Within-language diversity in color naming. (A) Diversity in 110 WCS languages. Each pie chart represents one WCS language (numbers at the top). The wedges within pie charts are the proportion of informants assigned to each motif at K = 4 (color codes on the top correspond to the enlarged clusters in Fig. 1C). Excluded informants named fewer than 320 of the 330 color samples. (B) Examples of WCS data from four languages; language numbers from A. The top two rows are the two K = 6 branches of the GBP (Green|Blue|Purple) motif; the second two rows are the two K = 5 branches of the Grue motif, both of which are united as single motifs at K = 4. False colors indicate glossed color terms (Fig. 1B). Notice the similarity among speakers from different continents (rows) and the diversity among speakers of each language (columns).

Next, we determined the prevalence of each of the motifs at K = 4 (Dark, Gray, Grue, and GBP) among the informants speaking each of the WCS languages. The results of this analysis (Fig. 2 A and B) reveal remarkable within-language diversity. Examples of individual languages containing multiple motifs appear in Fig. 2B. The modal number of motifs per language was three (Fig. 3A), the median number was also three, and only seven languages (6.4%) had single motifs. Most languages (70.6%) contained three or four motifs defined at K = 4.

Fig. 3.

Fig. 3.

Languages with multiple motifs. (A) Histogram of the number of languages with one to four motifs at K = 4. Full dataset (black bars indicate K-means; gray bars, spectral clustering). White bars indicate aggressively culled data (hierarchical clustering). (B) Full dataset of languages (spheres) in tetrahedral coordinates based on the prevalence of the motifs within languages obtained by K-means analysis. False colors indicate the most frequent motif: Dark (black), Gray (yellow), Grue (cyan), and GBP (blue). Full dataset (C) and culled dataset (D) projected onto the Dark–Grue–GBP facet, with contour plots of language density based on a Gaussian sampling kernel (σ = 0.01). Languages on the rising facets of the tetrahedron project to the edges of the triangles in C and D.

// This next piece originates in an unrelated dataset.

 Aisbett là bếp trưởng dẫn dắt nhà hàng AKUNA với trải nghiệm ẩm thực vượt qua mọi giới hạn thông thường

We tested the robustness of this unexpected result in three ways. First, we repeated the analysis for other values of K (2 ≤ K ≤ 15). The modal number of motifs per language was always greater than one. Second, we obtained substantially the same results (Fig. 3A, gray bars) when we reanalyzed the entire dataset by using spectral clustering (17), a modern clustering method that has certain advantages over traditional techniques like K-means or hierarchical clustering. Third, we asked whether this diversity was due to noisy data, or to informants who did not understand the task. We used hierarchical clustering to create a four-cluster solution, while culling those informants whose color-naming systems fell outside a threshold dissimilarity range for each cluster. This aggressive culling method eliminated the data from 688 informants (29% of the 2,367 who named at least 320 colors). The average concordance among informants within these new clusters was 0.7, which falls at the 90th percentile of all individual WCS languages. The resulting motifs were indistinguishable from the K = 4 K-means solution. When we recalculated the number of clusters per language, three was still the modal number of motifs per language (Fig. 3A, white bars). Therefore, we are confident that the results shown in Figs. 2 and 3A are robust: most languages are diverse in the color-naming behavior of their informants. Webster and Kay (18) have also noted significant within-language diversity in the focal colors of informants who share color lexicons.

These analyses allow us to reject two extreme statistical hypotheses. One is that individuals within languages conformed perfectly in their color-naming behavior. The other is that individuals chose their motifs strictly at random from among the four motifs, without regard to conformity with the other members of their community. If that were the case, about 0.95 of WCS languages should contain all four motifs defined at K = 4. This is far more than the observed fraction, which is 0.28 (the rightmost black bar in Fig. 3A).

Why don't all speakers of a given language use the same motif? One might think that a typical WCS “language” might be made up of several distinct languages or dialects, but this is unlikely to explain the within-language diversity, because informants from each language were dialectically uniform so far as the field workers were aware and were almost always recruited from a single locality. However, there remain three other plausible explanations. (i) Maybe some of the color terms are loanwords, which might have entered a language from migration, trade, or intermarriage. (ii) Maybe subgroups within a culture developed a specialized color vocabulary because they need one. (iii) Maybe the motif diversity is an artifact of the method of data collection, and the receptive vocabulary of understood terms might vary less across individuals than the (productive) color-naming data of the WCS suggest. Any of these three reasons, alone or in combination, could be invoked to explain the existence of multiple color-naming systems within a language.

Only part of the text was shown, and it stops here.